Segment Open
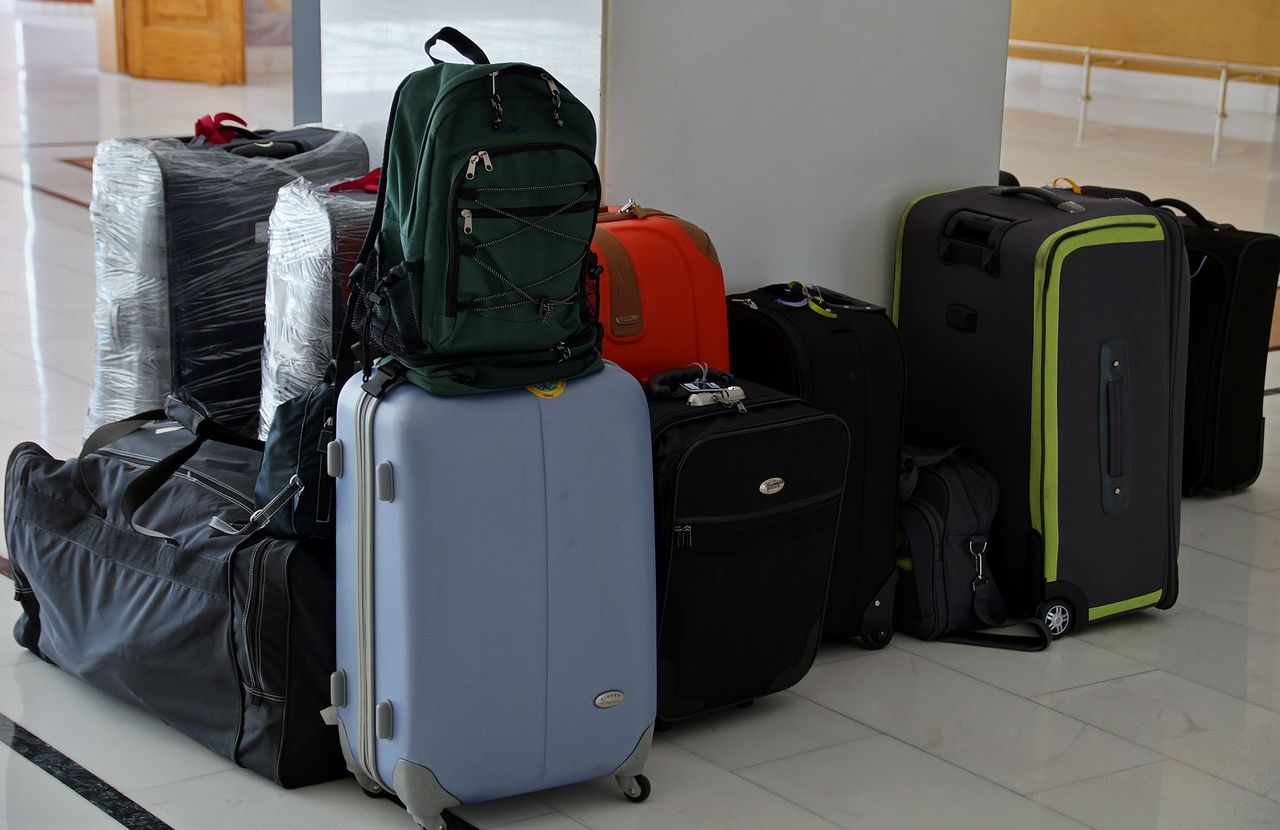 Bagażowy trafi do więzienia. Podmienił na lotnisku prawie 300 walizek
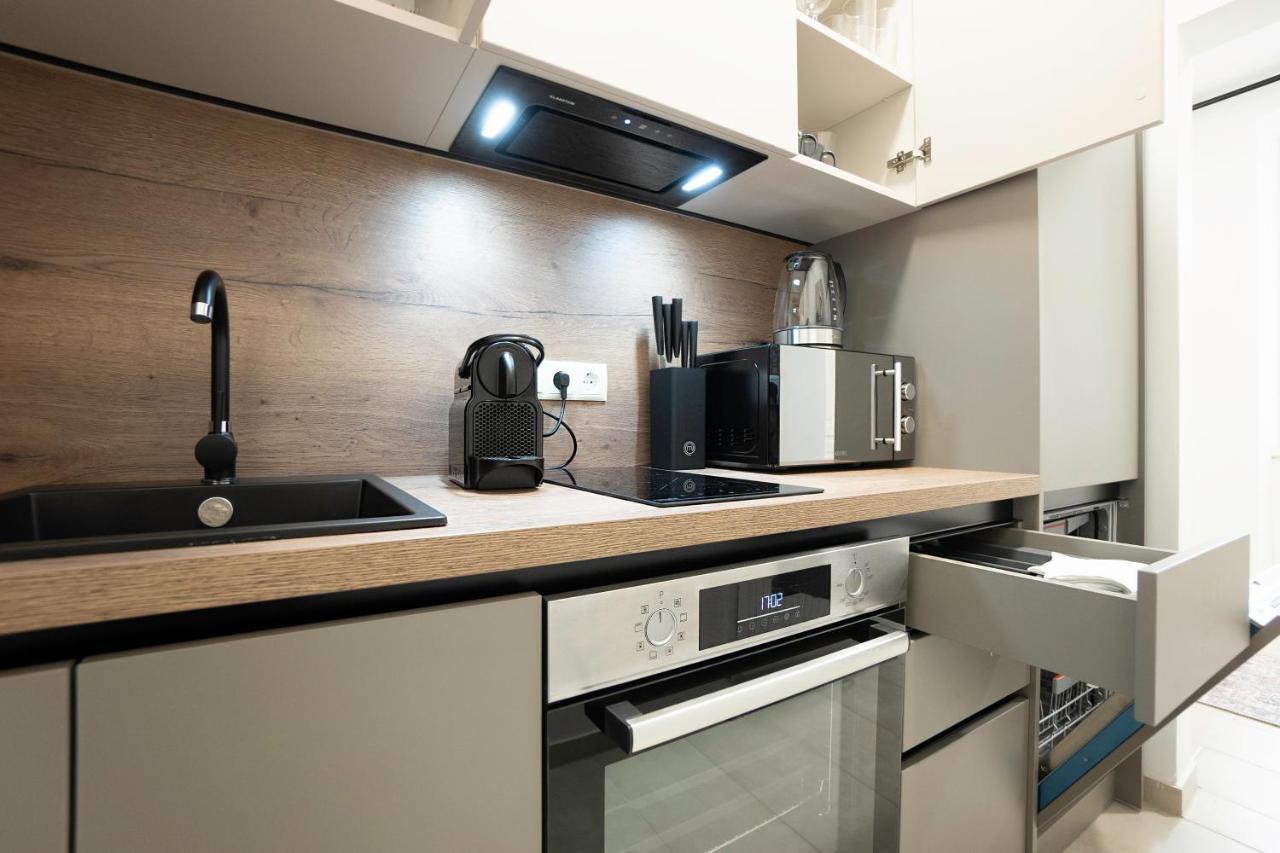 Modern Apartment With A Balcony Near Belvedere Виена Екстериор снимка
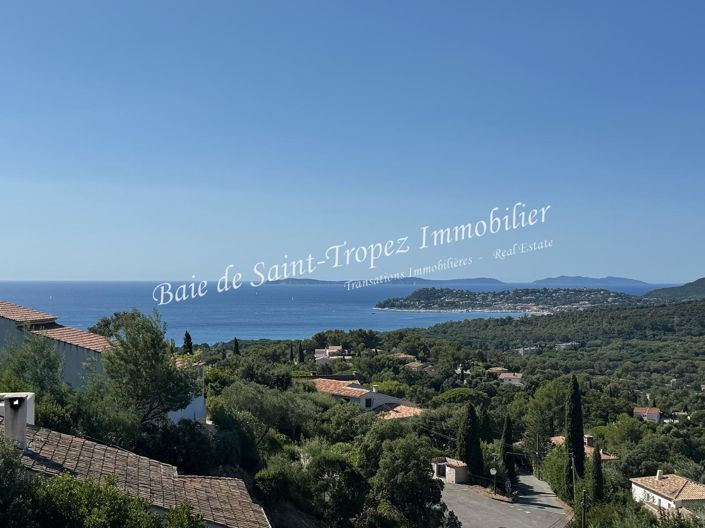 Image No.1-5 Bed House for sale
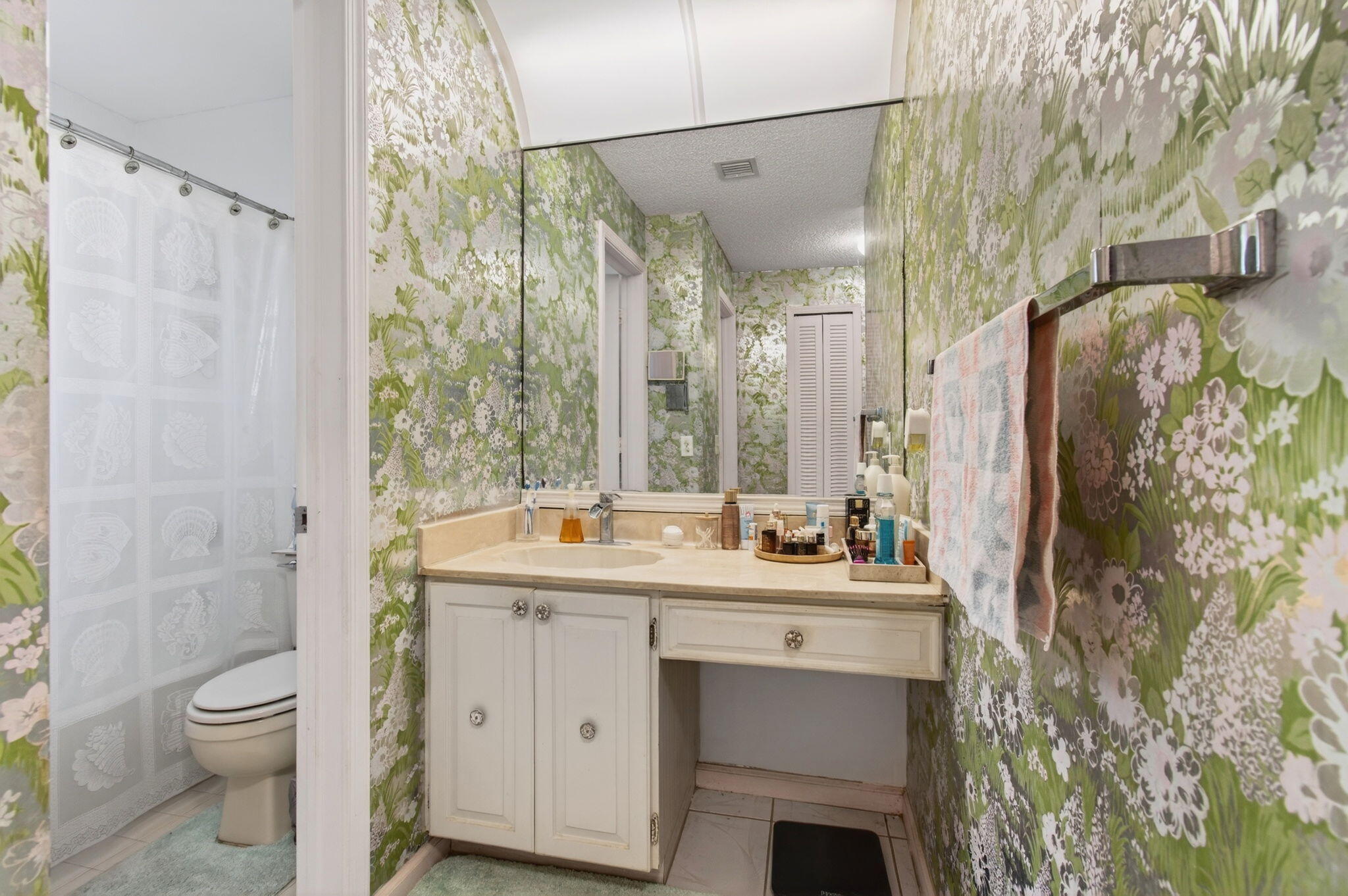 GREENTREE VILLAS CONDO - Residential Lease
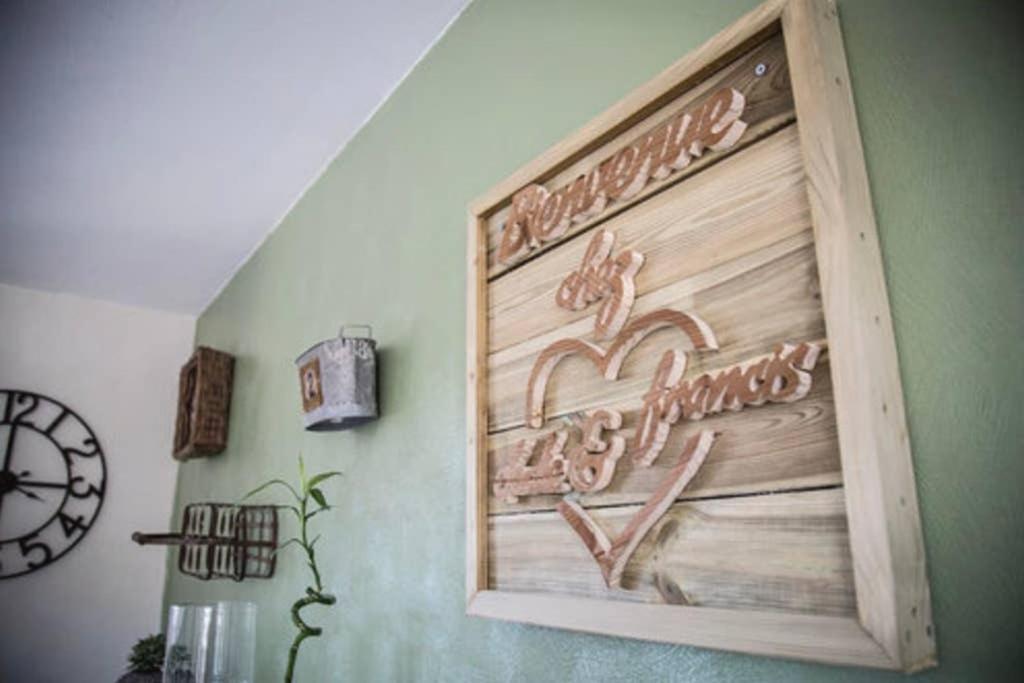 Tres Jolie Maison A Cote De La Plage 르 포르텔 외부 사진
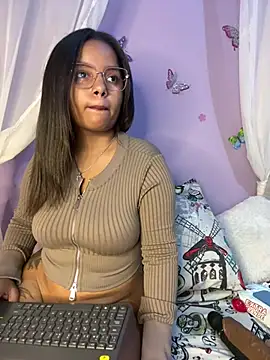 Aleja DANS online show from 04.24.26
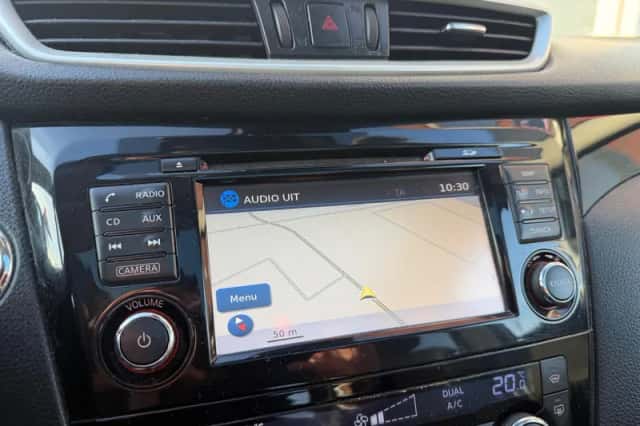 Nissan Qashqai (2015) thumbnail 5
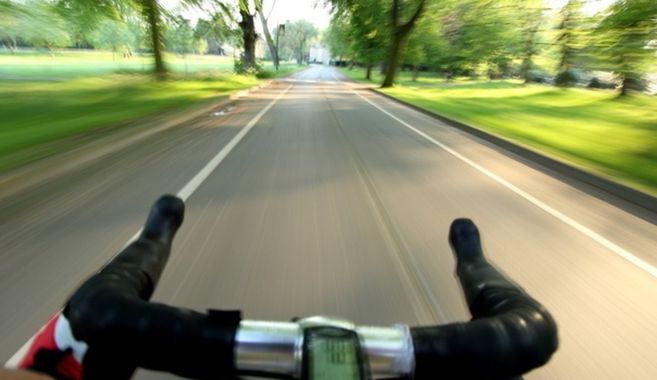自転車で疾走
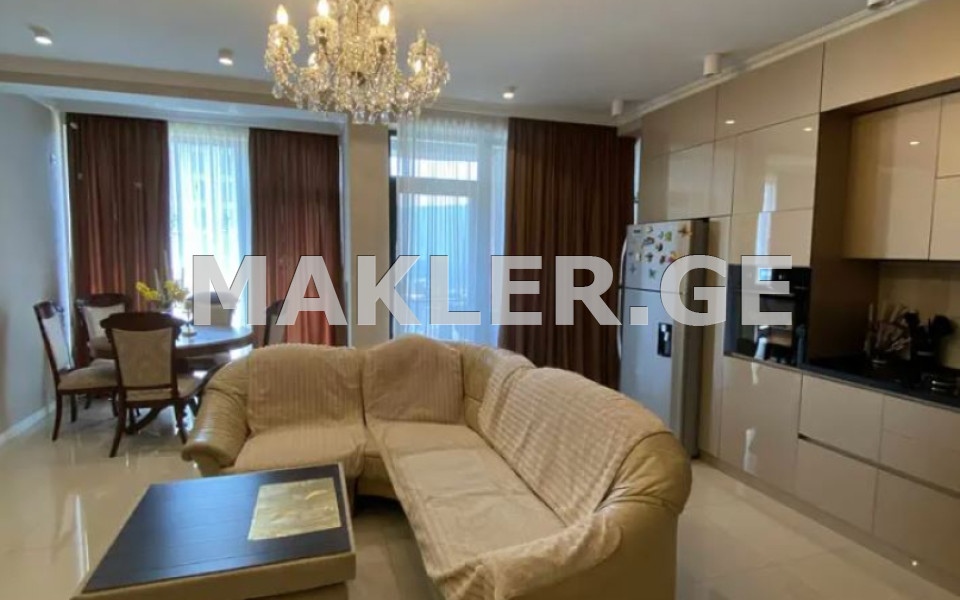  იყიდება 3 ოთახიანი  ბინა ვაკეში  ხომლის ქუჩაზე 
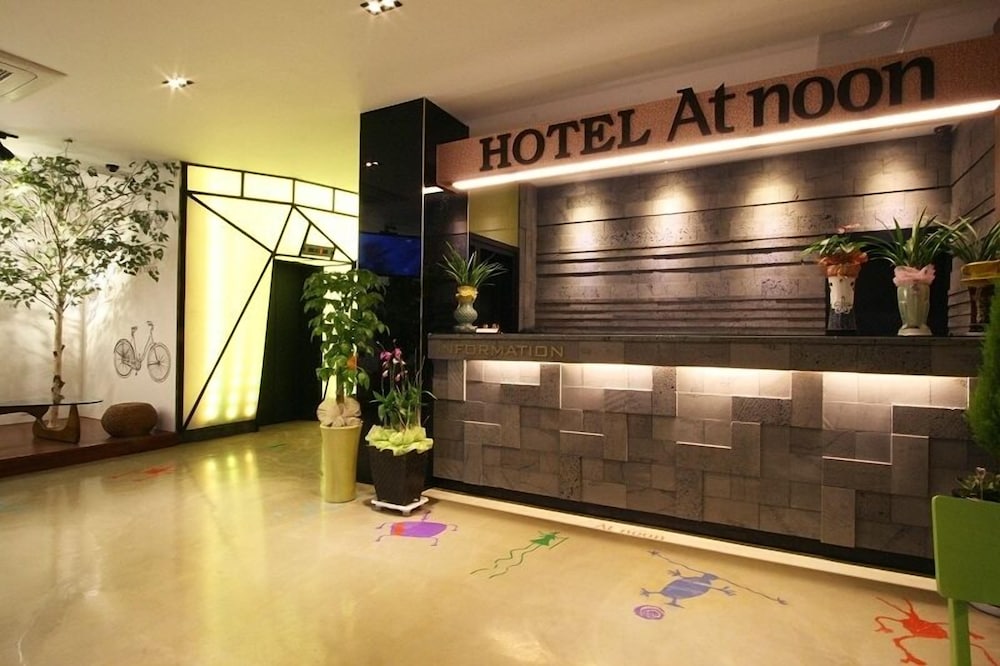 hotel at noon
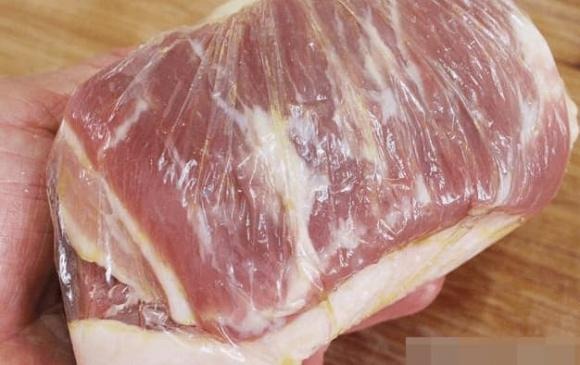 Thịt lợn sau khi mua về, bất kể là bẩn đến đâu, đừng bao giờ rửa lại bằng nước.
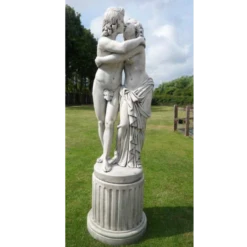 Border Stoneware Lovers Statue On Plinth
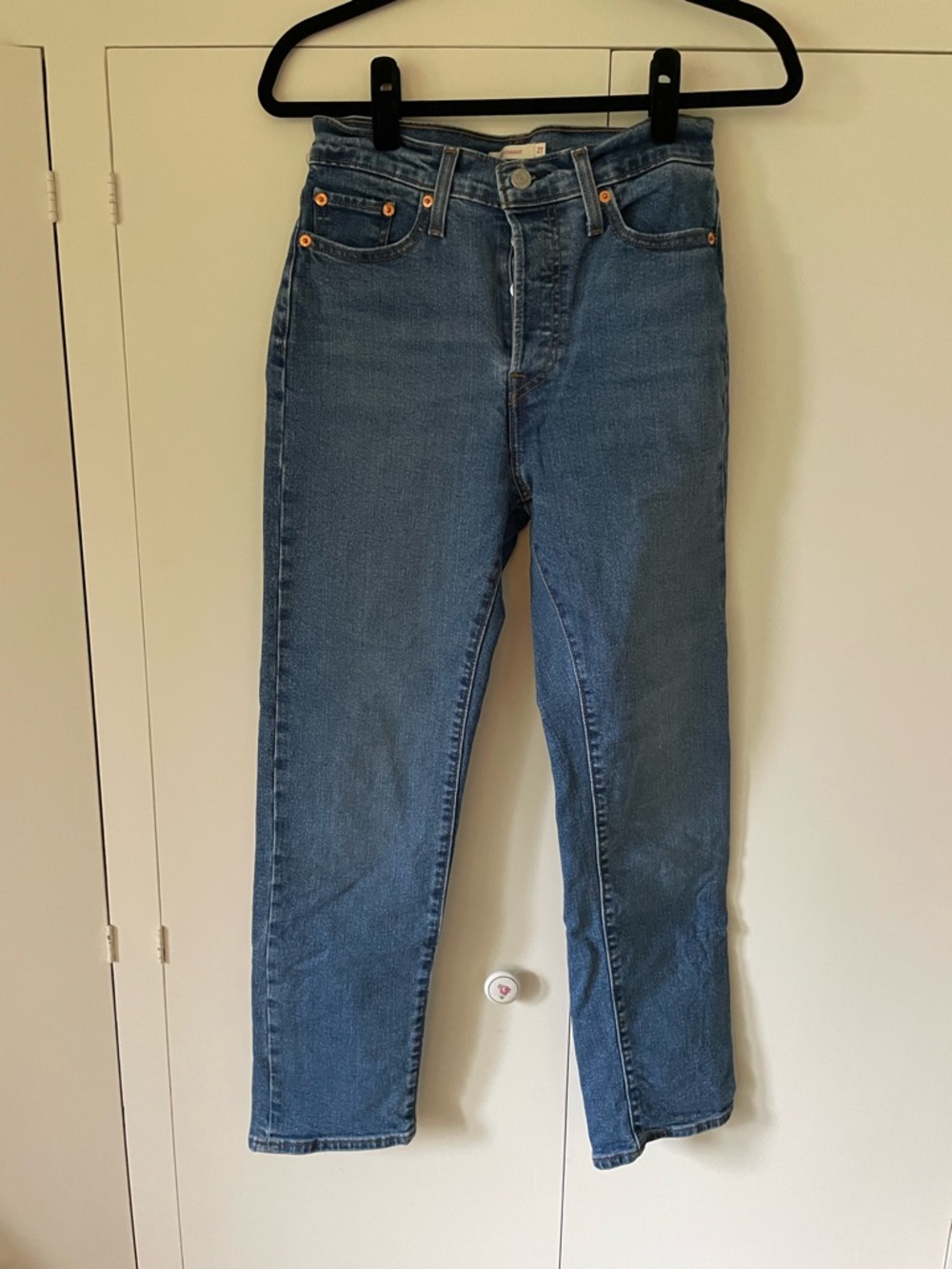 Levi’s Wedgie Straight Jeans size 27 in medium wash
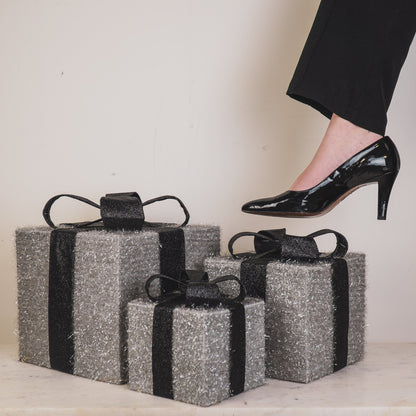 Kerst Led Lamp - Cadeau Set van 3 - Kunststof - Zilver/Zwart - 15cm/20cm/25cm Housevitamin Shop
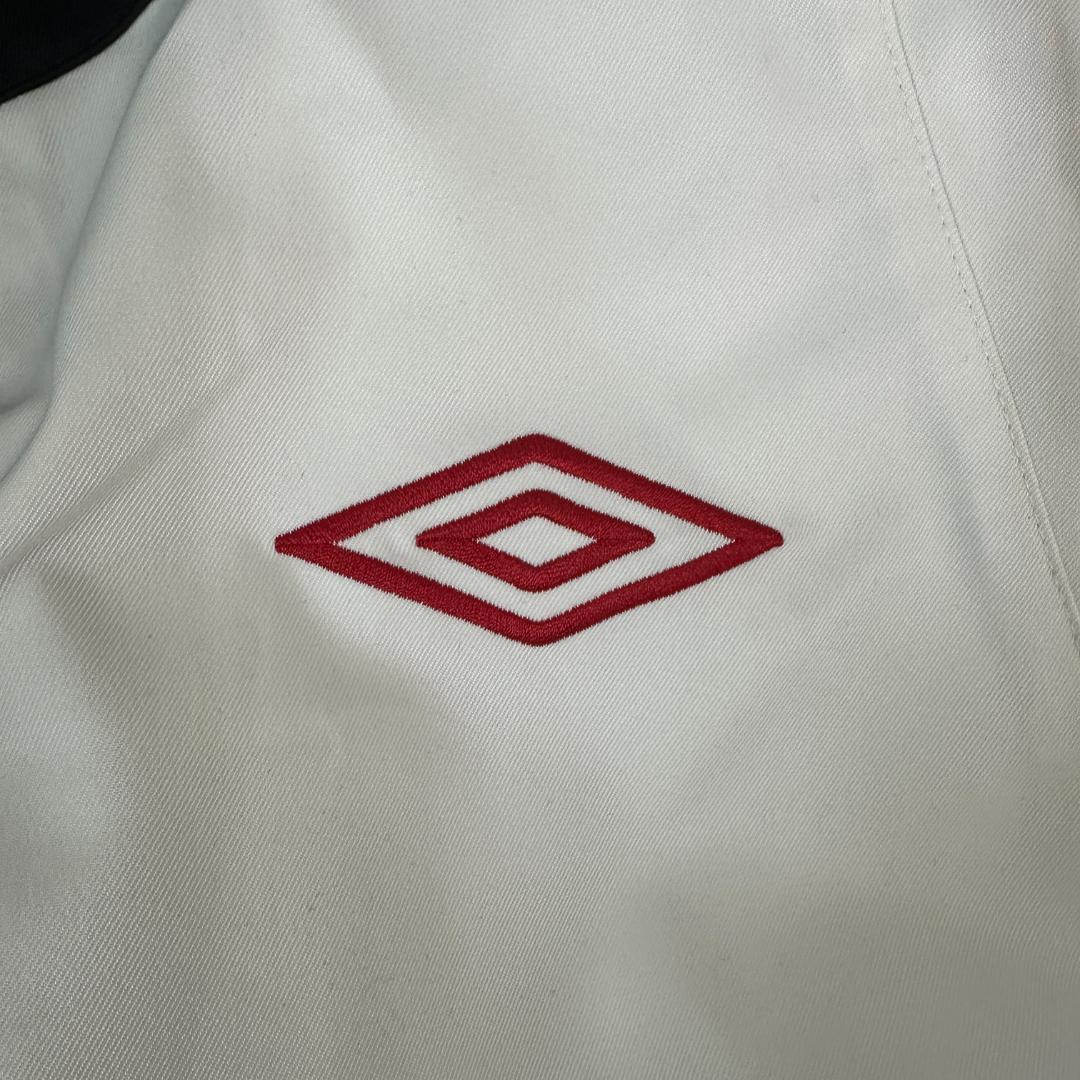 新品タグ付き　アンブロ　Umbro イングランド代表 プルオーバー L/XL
Segment Closed
**Exercise description:** Reproduce every record above word for word. Leave the pictures out.

**Answer below:**
 Bagażowy trafi do więzienia. Podmienił na lotnisku prawie 300 walizek
 Modern Apartment With A Balcony Near Belvedere Виена Екстериор снимка
 Image No.1-5 Bed House for sale
 GREENTREE VILLAS CONDO - Residential Lease
 Tres Jolie Maison A Cote De La Plage 르 포르텔 외부 사진
 Aleja DANS online show from 04.24.26
 Nissan Qashqai (2015) thumbnail 5
自転車で疾走
  იყიდება 3 ოთახიანი  ბინა ვაკეში  ხომლის ქუჩაზე 
 hotel at noon
 Thịt lợn sau khi mua về, bất kể là bẩn đến đâu, đừng bao giờ rửa lại bằng nước.
 Border Stoneware Lovers Statue On Plinth
 Levi’s Wedgie Straight Jeans size 27 in medium wash
 Kerst Led Lamp - Cadeau Set van 3 - Kunststof - Zilver/Zwart - 15cm/20cm/25cm Housevitamin Shop
 新品タグ付き　アンブロ　Umbro イングランド代表 プルオーバー L/XL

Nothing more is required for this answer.